Skip ahead to 2009. My brother Art (you will see his name all over our permits) practically bankrupted us demanding on verifying three times every perc test. “Don’t forget the swamp house,” he’d growl. We ate ramen for six months. But when the recession hit? Our systems kept working while others failed. All at once, “Nikolin boys” was a thing shared between contractors.
Let me explain where we’re different: We create systems like we will have to repair them ourselves. Because here’s the thing? We typically do. Last Thanksgiving, Mrs. Callahan in Woodinville rang panicking about a holiday backup. Art drove out in his turkey-stained shirt. Apparently her “self-maintaining” system installed in 2015 had a filter nobody told her about.
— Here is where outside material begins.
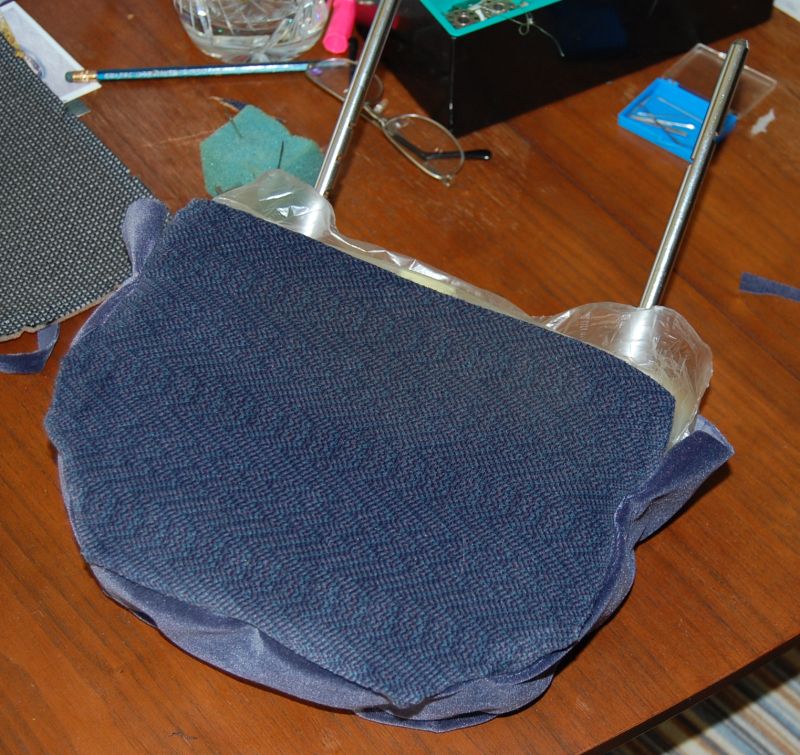 Blue fabric car headrest with chrome posts on a wooden table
We never just solve it—we instructed her grandson how to clean it.
You believe this is standard? Wrong. The majority of companies want you on a $200/month service plan. We would rather you comprehend your system. Like that time we sketched drainage diagrams on Dave Miller’s kitchen table in Everett while his toddlers added crayon clouds. Why? Because when Dave’s willow tree roots invaded his leach field last spring, he caught the wet grass before it developed into a disaster.
Our secret sauce? It ain’t not secret at all. It’s in the blisters. In the way Art still takes the phone at (425) 553-3422 personally. In the Instagram reel where my nephew cringes at a DIYer’s “stone-less drain field masterpiece” (@septic_solutionsllc—check us out for laughs and solid tips). It’s in the YouTube video where we condensed a 72-hour install in relentless Kirkland rain (@septicsolutionsllc).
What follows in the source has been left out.